А как же быть с Ахматовой?
т. СОБОЛЕВ.
Была допущена ошибка, если она была «восстановлена», а не «принята». Если бы я присутствовал на этом заседании, я сказал бы так же. Если вы говорите, что это на него подействует, – то тогда он просто не понял, что тогда произошло.
т. СИМОНОВ.
Для него было бы гораздо тяжелее, если бы мы не приняли его в Союз. Я прошу голосовать. Первое предложение Мариэтты Сергеевны Шагинян о том, чтобы восстановить Зощенко в ССП. Кто за это предложение? (Один.) Кто за моё предложение – принять в члены Союза? (Единогласно.)
ПОСТАНОВИЛИ:
Принять М.М. Зощенко в члены ССП.
Мариэтта Сергеевна Шагинян в те годы вольномыслием не отличалась. Скорее, наоборот. Не только шагала в ногу, но иногда даже забегала вперед, демонстрируя свою преданность власти, верность генеральной линии. В 1946-м выступила с доносительской речью, в которой обвинила литературоведа Г. Гуковского в том, что в своей работе о русском баснописце Крылове он проявил низкопоклонство перед Западом. Гуковский вскоре был арестован и погиб в сталинских лагерях. В 52-м она активно участвовала в травле В. Гроссмана И даже после смерти Сталина, когда он уже был разоблачен и труп его был выброшен из Мавзолея, не стеснялась повторять (публично и даже печатно): «Я счастлива и горда тем, что жила в одну эпоху с этим великим человеком!»
Вот и сейчас тоже, защищая Зощенко, она делала это, не выходя за рамки партийной ортодоксии: «ЦК не вычеркивал всего литературного пути Зощенко...», «Всё же партия не вычеркивает всей прежней его работы...»
В этом своем партийном раже она даже слегка перестаралась: вдруг укусила Ахматову, которую в молодости боготворила. (Анна Андреевна вспоминала, что тогда при каждой их встрече Мариэтта неизменно целовала ей руку, что было довольно противно. И вот, пожалуйста: «Слабый, чуждый нам поэт...».)

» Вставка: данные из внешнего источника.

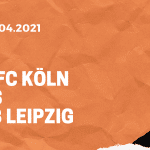 1.FC Köln – RB Leipzig Wetten Tipp 20.04.2021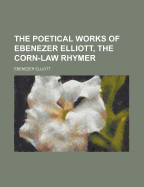 The Poetical Works of Ebenezer Elliott, the Corn-Law Rhymer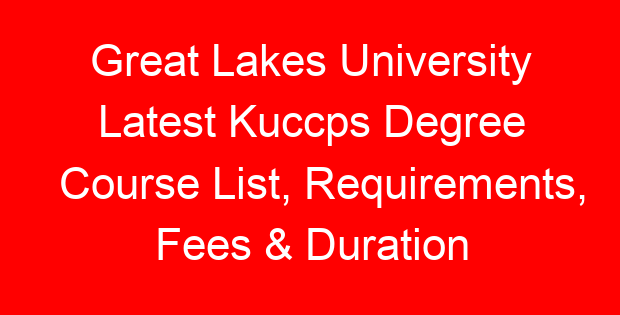 Great Lakes University Latest Kuccps Degree Course List, Requirements, Fees & Duration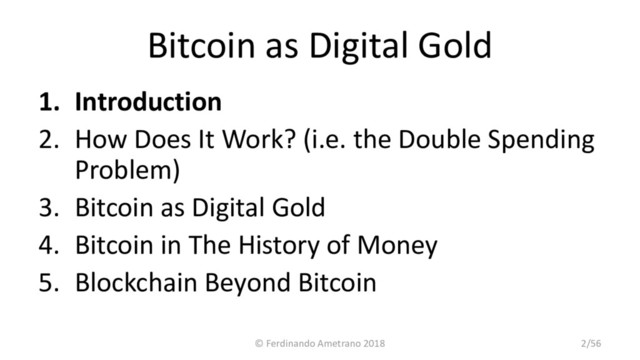 Bitcoin as Digital Gold
1. Introduction
2. How Does It Work? (i.e. the Double Spending
Problem)
3. Bitcoin as Digital Gold
4. Bitcoin in The History of Money
5. Blockchain Beyond Bitcoin
© Ferdinando Ametrano 2018 2/56
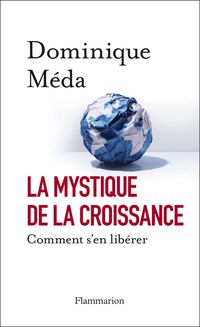 Dominique Meda - La mystique de la croissance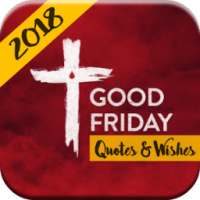 Good Friday Quotes and Wishes 2018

Все это я к тому, что, защищая Зощенко, границы дозволенного Мариэтта Сергеевна не переступила. И Симонову с этим его предложением не восстанавливать Зощенко, а принять его в Союз заново, тоже выступать было совсем не обязательно. Не сделай он этого, все присутствующие даже не обратили бы внимания на «не ту» формулировку, дружно проголосовали бы: «Восстановить!», и никто бы их за эту «не ту» формулировку не осудил и даже не пожурил. Тем более что и прецедент такой уже был: Ахматова.
Ради чего же так старался Симонов?
Во всех других случаях, как уже рассмотренных, так и еще не рассмотренных нами, поступая таким образом, он делал это, потому что не смел – да и не мог осмелиться – поступить иначе. Не только при жизни Сталина, но даже и после его смерти. Взять хоть вот это собрание ленинградских писателей, на котором он кинул в зал свою ужасную фразу: «Това'ищ Зощенко бьет на жа'ость...». Ведь он не сам, не по собственной инициативе приехал тогда в Ленинград, а был послан туда с определенной миссией. Провести то собрание на должном уровне ЕМУ БЫЛО ПОРУЧЕНО. И он выполнил это партийное поручение так, как, по его представлениям, ему надлежало его выполнять.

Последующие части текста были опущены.